Relembre o caso e dos desdobramentos

A denúncia

  • De acordo com a vítima, que teve a identidade preservada, ela dançava na boate Sutton, em Barcelona, com amigos no dia 30 de dezembro quando foi chamada para a mesa de Daniel Alves, na área VIP.
  • Ele a teria tocado por baixo de sua roupa íntima sem consentimento e a levado ao banheiro, impedindo que saísse e obrigando que fizesse sexo com ele.
  • A mulher procurou a equipe de segurança do estabelecimento, que chamou uma ambulância e a polícia. O jogador já havia ido embora.
  • Dois dias depois, a vítima registrou queixa contra o jogador. Em sua versão, ela destacou que Daniel Alves a "agarrou pela nuca, não sei se também pelos cabelos e me jogou no chão, machuquei o joelho".
  • A mulher que acusa o brasileiro, inicialmente, se recusou a receber qualquer tipo de indenização caso o jogador seja condenado. Mas a defesa a fez mudar de opinião.
  • Desde então, ela está recebendo apoio por parte do departamento encarregado e a denúncia está na Justiça, sob investigação, segundo o Tribunal Superior de Justiça da Catalunha (TSJC).
Versões contraditórias
  • Em sua primeira manifestação sobre o caso, em um vídeo enviado ao canal de TV espanhol Antena 3, Daniel Alves negou as acusações e afirmou não conhecer a vítima.
  • Dias depois, o jogador mudou seu relato, afirmando ter encontrado a vítima no banheiro da boate, tendo sido surpreendido.

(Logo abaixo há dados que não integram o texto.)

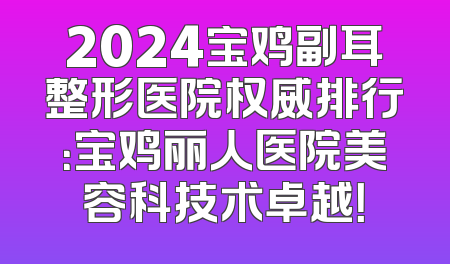 2024宝鸡副耳整形医院权威排行：宝鸡丽人医院美容科技术卓越！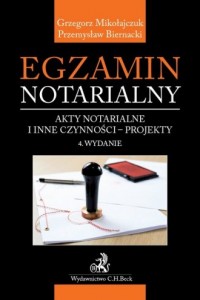 Egzamin notarialny. Akty notarialne - okładka książki
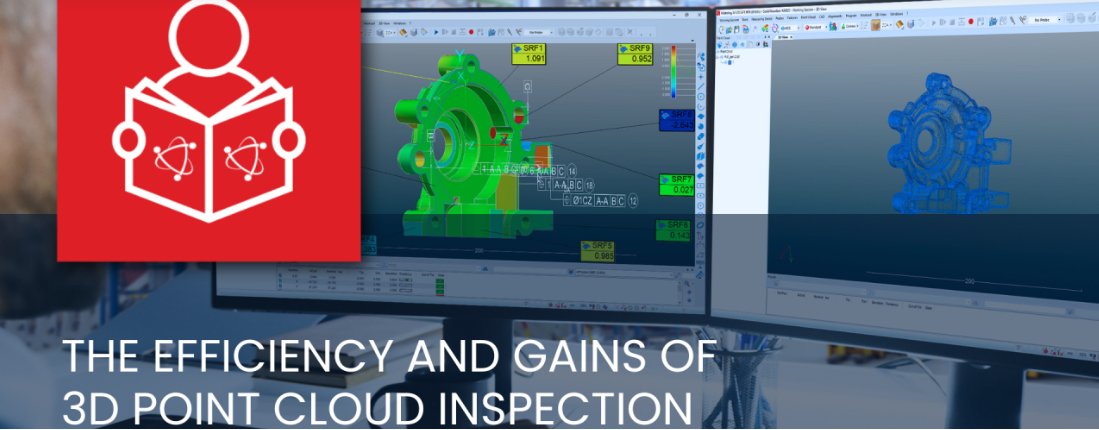 The efficiency and gains of 3D point cloud inspection 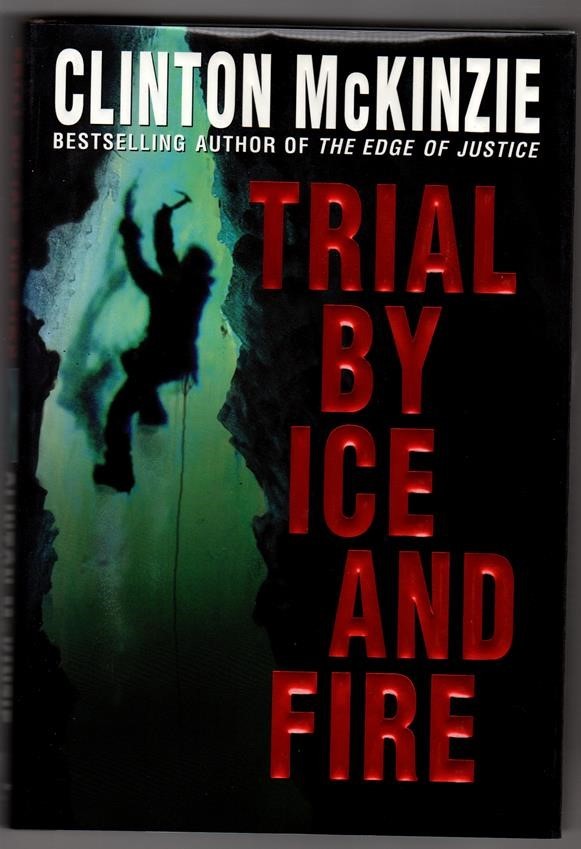Trial by Ice and Fire by Clinton McKinzie 1st ed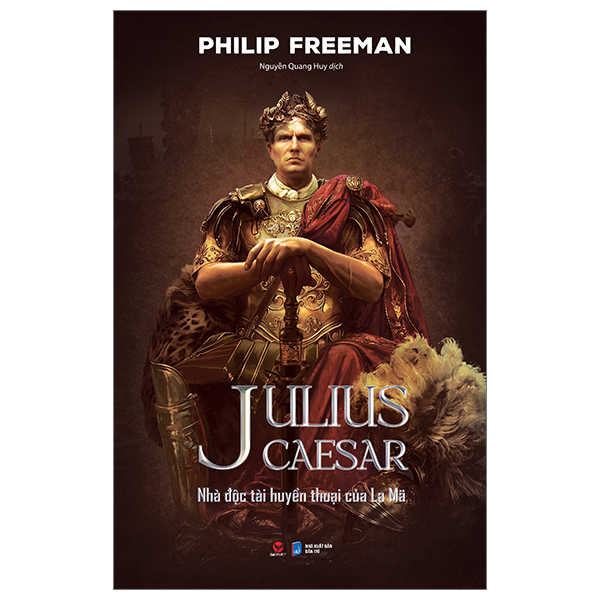 Julius Caesar - Nhà Độc Tài Huyền Thoại Của La Mã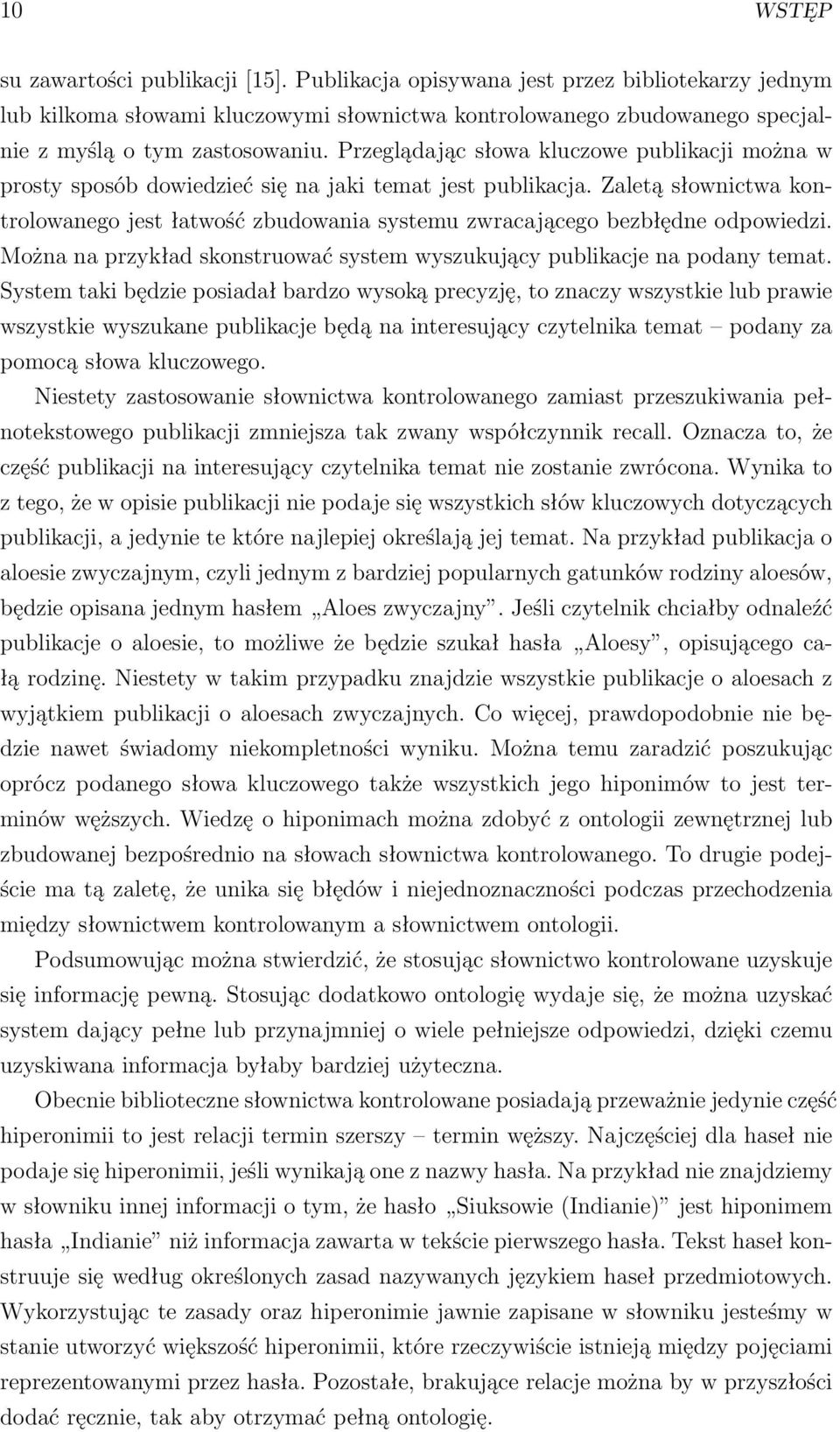 Zaletą słownictwa kontrolowanego jest łatwość zbudowania systemu zwracającego bezbłędne odpowiedzi. Można na przykład skonstruować system wyszukujący publikacje na podany temat.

Nessa versão, Alves afirmou que não teve qualquer contato com ela e teria ficado parado, sem saber o que fazer quando a viu.
  • Pouco tempo depois, admitiu que manteve uma relação sexual com a mulher, mas disse que ela teria se lançado em sua direção dentro do banheiro para fazer sexo oral. O brasileiro alegou que ele não tinha dado essa versão até aquele momento com o intuito de “proteger” a vítima.
  • Em seu depoimento mais recente, o lateral acabou confirmando que houve penetração enquanto eles estavam no banheiro, mas alega que a relação foi consensual. Desta vez, Daniel Alves afirmou que não teria dado essa versão anteriormente para proteger a vítima e a sua então esposa, Joana Sanz.
Os indícios da Polícia Espanhola
  • A jovem foi atendida no Hospital Clínic e passou por um exame médico. O relatório diz que ela sofreu ferimentos leves compatíveis com a "luta" que teria travado com o jogador de futebol para não se sujeitar ao ato sexual.
  • A ficha médica indicou que dentre as lesões encontradas está uma pequena equimose no joelho. Trata-se de uma mancha roxa causada por um sangramento em que ocorre a infiltração do sangue na pele.
  • As câmeras de segurança confirmam a versão da vítima até o momento em que entraram no banheiro, onde passaram aproximadamente 15 minutos. Além disso, as imagens mostraram a vítima em situação de fragilidade após deixar o banheiro.
  • O resultado de um teste de DNA comprovou a presença de sêmen do atleta na roupa da vítima, além de impressões digitais no banheiro da boate.
A prisão
  • Daniel Alves foi preso logo após seu depoimento à Polícia Espanhola. O brasileiro, que estava no México, onde já tinha iniciado a temporada de 2023 no Pumas, retornou espontaneamente à capital da Catalunha para depor pela primeira vez.
  • Após a prisão, Leopoldo Silva, presidente do Pumas, clube mexicano até então defendido pelo jogador, realizou um pronunciamento oficializando a demissão.
  • Em paralelo, o Ministério Publico fez um pedido de prisão preventiva sem direito à fiança, o que foi aceito pela Justiça.
  • O jogador foi encaminhado ao presídio Brians I e, posteriormente, transferido para o Brians II. Ambos nos arredores de Barcelona.
  • A prisão do lateral foi mantida pela Justiça, devido à "alta possibilidade de fuga".
  • Apesar de bom comportamento, o atleta já recebeu duas advertências na unidade. A primeira por organizar um campeonato de futebol e a segunda por fazer uma 'batucada' na cela onde está detido.